# Please explain sharpening on bench sized nagura



## Smashmasta (Oct 17, 2016)

I've stumbled over a video of Maxim sharpening on full bench sized chu nagura, which I haven't really heard of being done before as I think that's more common in the sword world. So what would be the benefit of using chu, or asano nagura on knives? Is it worth it to try and find some?

Thanks


----------



## jklip13 (Oct 17, 2016)

If you can control the amount of slurry properly, I find chu and koma to be much faster than their Honyama alternatives


----------



## Badgertooth (Oct 17, 2016)

Yeah Jon's pre-empted something I was going to post as I've just started trying out a larger Junzo Mikawa Nagura. I couldn't tell you much more about its provenance or whether it's chu or koma but it requires more water than you'd think and is really fast for a natural. Like almost synthetic fast. Leaves a great toothy edge and if you're careful with your slurry dilution and pressure, it leaves a lovely finish on soft iron cladding.

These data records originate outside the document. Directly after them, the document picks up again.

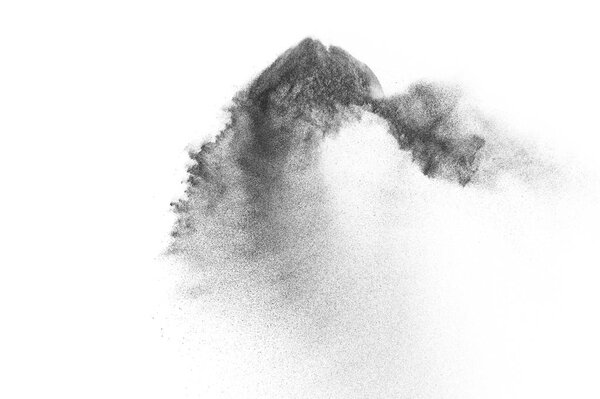 Взрыв черных частиц изолирован на белом фоне. Абстрактная пылевая текстура.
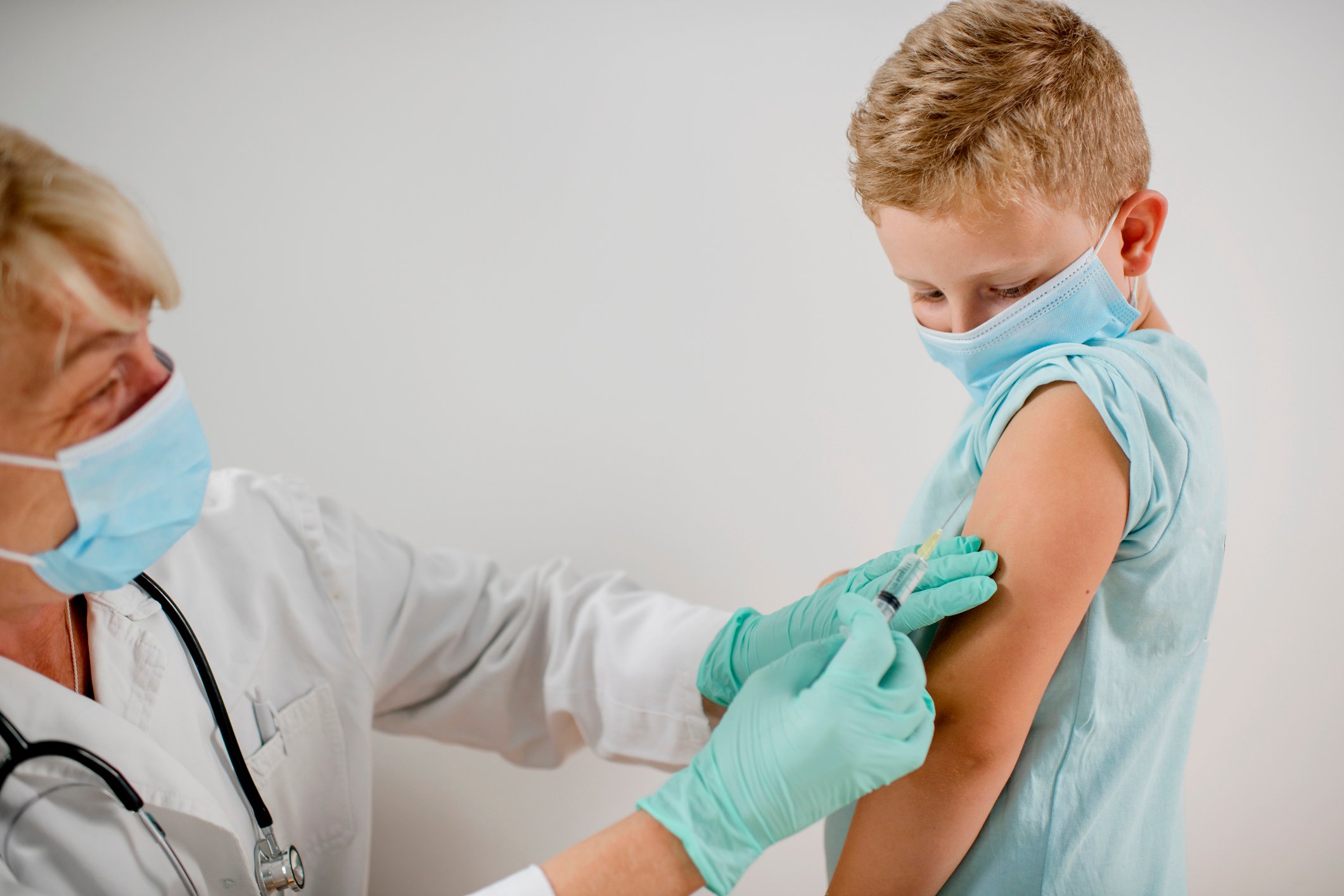 Young boy receiving a shot from a healthcare professional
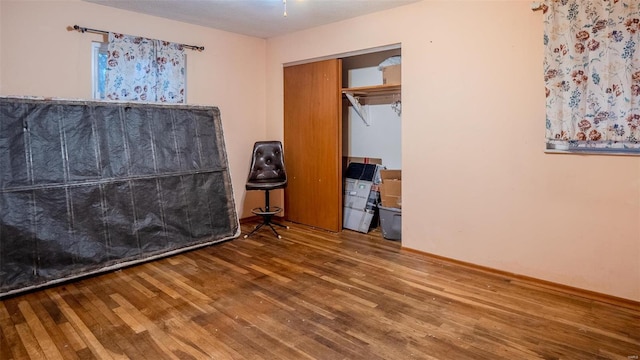 unfurnished bedroom with hardwood / wood-style floors and a closet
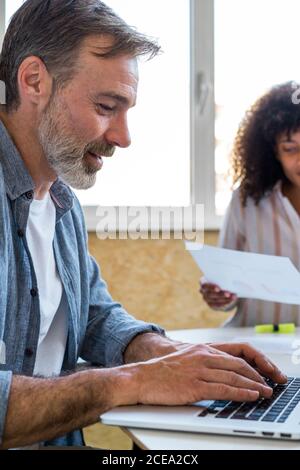 man using laptop near chatting colleagues Stock Photo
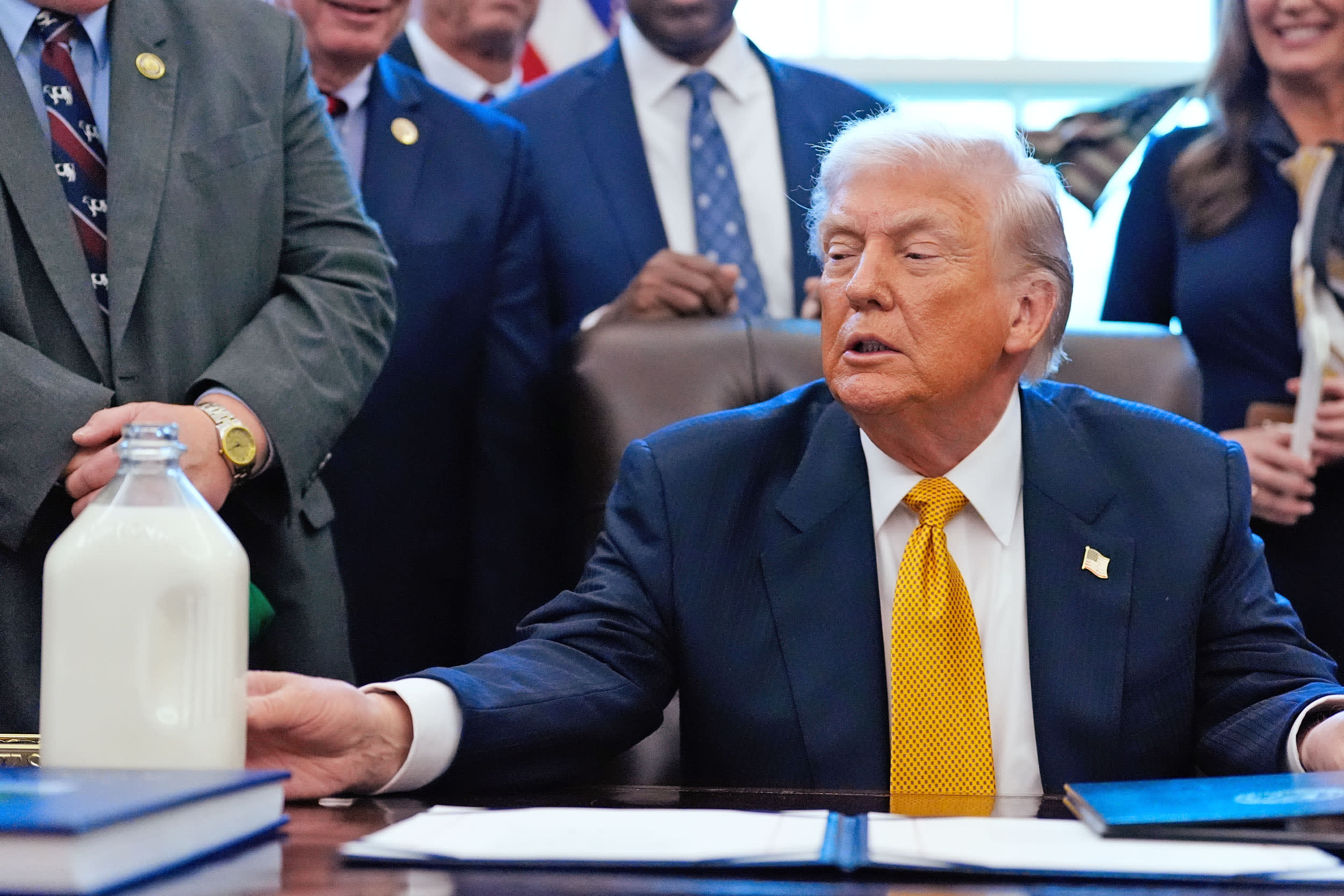 President Donald Trump touches a container of milk as he speaks in the Oval Office of the White House, Wednesday, Jan. 14, 2026.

More to follow when I've got my good camera out and spent some more time with it.


----------



## bennyprofane (Oct 17, 2016)

I've read that the Chu Nagura is really great as a sharpening bench stone but I don't see them anywhere available. Metalmaster used to have them. Anyone know any other source?


----------



## jklip13 (Oct 17, 2016)

Check out Namikawa Heibei


----------



## Smashmasta (Oct 17, 2016)

bennyprofane said:


> I've read that the Chu Nagura is really great as a sharpening bench stone but I don't see them anywhere available. Metalmaster used to have them. Anyone know any other source?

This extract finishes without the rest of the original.